Mao, stratège révolutionnaire
Gérard Chaliand, auteur prolifique (ce qui est loin d’être un reproche) orienté en particulier vers les stratégies de notre temps, reste donc ici tout à fait dans son domaine de compétence. C’est pourquoi, avant de se plonger dans les écrits de l’illustre Timonier, il ne faut pas manquer de lire attentivement l’introduction les replaçant dans leur contexte complexe et fluctuant : un XIXe siècle fait d’« humiliation et de dépeçage », la découverte de la puissance de la masse paysanne, l’impact de la Longue Marche, le talent militaire de Chu Teh et de Lin Biao, le caractère longtemps problématique de la victoire finale.
Les morceaux choisis sont présentés par ordre chronologique de 1928 à 1949, en distinguant six périodes, y compris la parenthèse de la lutte commune contre l’envahisseur nippon. La génération de lecteurs français qui a connu quelque peu les méthodes communistes et l’ambiance de l’époque ne découvrira rien de totalement nouveau sur le fond : par exemple, quelle tentation de trouver l’illustration des procédés maoïstes chez Giap et l’application de tel chapitre dans le déroulement de l’opération « Lorraine »… ou encore de dénicher des parentés flagrantes entre « l’encerclement et l’anéantissement » menés contre les unités de l’Armée rouge et nos plus concrets « bouclage-ratissage » ! Les directives du maître de Yenan sont connues de ses adversaires et de ses victimes qui ont assimilé depuis longtemps l’image du poisson dans l’eau : le lien indissociable entre actions armées et politico-sociales (« la réforme agraire doit être résolument pratiquée dans les régions libérées » – dès la victoire acquise, il faut « faire de l’armée un corps de travail » administratif, économique et… médiatique) ; l’adaptation permanente aux circonstances, sans hésiter en position de faiblesse à évacuer temporairement des territoires et à éviter toute « bataille d’usure » ; le maintien de l’initiative (« obtenir la supériorité dans l’infériorité… transformer la grande campagne, menée contre nous par l’armée adverse, en une foule de petites campagnes, menées par nous contre l’armée adverse »).

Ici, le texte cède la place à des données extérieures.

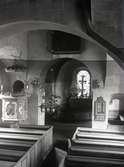 Triumfbågen, predikstolen och koret i Hossmo kyrka.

Deux points pourtant, origines fréquentes de contresens, apparaissent clairement : le premier, mis parfois en doute pour une histoire de tenue vestimentaire, l’importance du chef et d’une autorité hiérarchique ferme ; le second, le caractère provisoire de la guerre de partisans qui, malgré les lettres de noblesse engrangées et les avantages de la souplesse, reste une « forme inférieure », à élever dès que possible « au niveau des troupes régulières » équipées et disciplinées.

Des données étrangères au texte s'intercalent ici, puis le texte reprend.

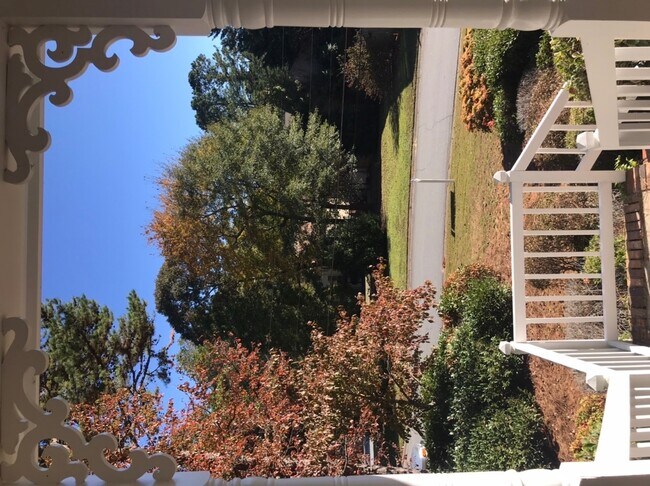 Building Photo - Great 4 Bedroom 2.5 Bath home in East Cobb...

Au-delà subsistent les impératifs éternels : cohérence entre stratégie et tactique, analyse classique des facteurs, rôle du renseignement et de la surprise, influence du moral… et bien entendu se persuader et persuader le monde qu’on mène une « guerre juste » ! Et pour prouver qu’on ne boude pas les vieilles recettes, la référence à l’inusable Sun Zi vient prouver que l’intéressé est presque aussi connu sur les rives du Yang Tse qu’au bord de la Seine. Si particularité fondamentale il y a, elle repose sur les spécificités du milieu : l’étendue du pays et la capacité d’encaissement de la population ; les Japonais, comme les conquérants momentanés des steppes russes, ont eu les yeux plus gros que le ventre.

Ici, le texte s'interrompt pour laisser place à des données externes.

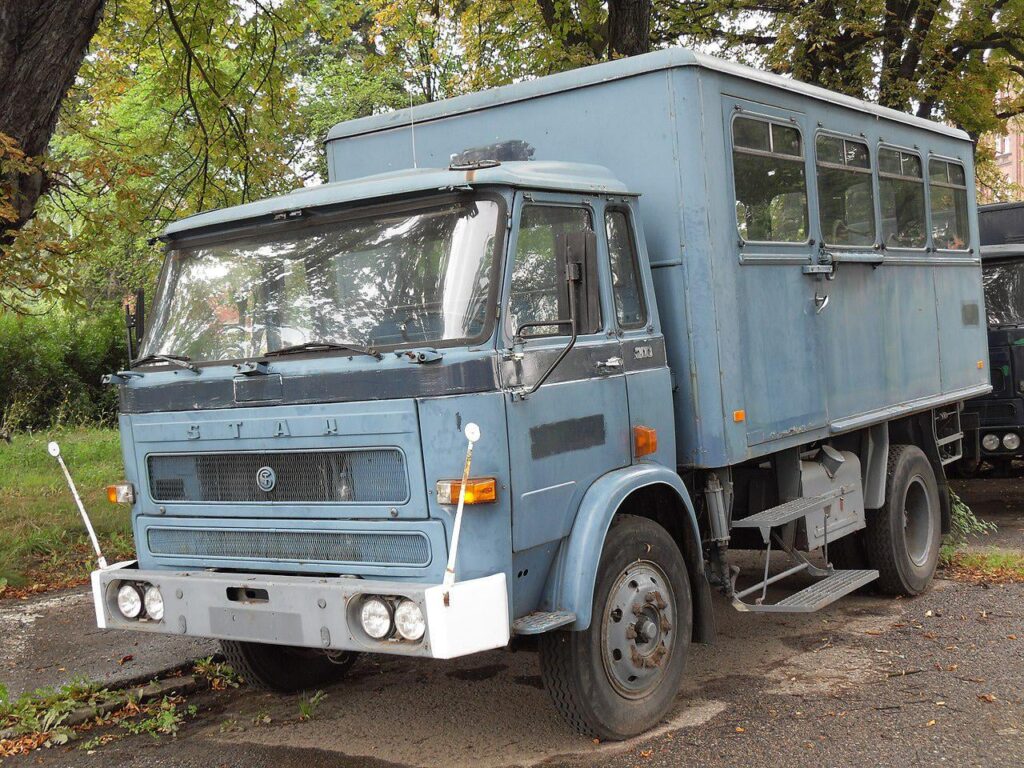 なぜポーランドはトラックの生産を停止したのですか？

Pour des Occidentaux s’attendant à des « chinoiseries », les formulations maoïstes sont au contraire tout à fait explicites. Le Timonier, qui fait preuve d’une vaste culture et ne dédaigne pas l’allusion historique, n’abuse pas des sentences savoureuses attribuées chez nous à ses compatriotes et a probablement lu Descartes. Il va même loin dans la manie des classifications : trois « grandes règles », huit « recommandations », trois « vérifications »… Voilà qui fait penser aux « mesures » chères à nos hommes politiques. Et quant à remettre son ouvrage cent fois sur le métier, notre homme est un spécialiste, au point d’aboutir à des textes lourds, processionnels et répétitifs du type : « L’ennemi est fort et nous faible, mais l’ennemi a des points faibles et nous des points forts ». Le truisme n’est pas loin.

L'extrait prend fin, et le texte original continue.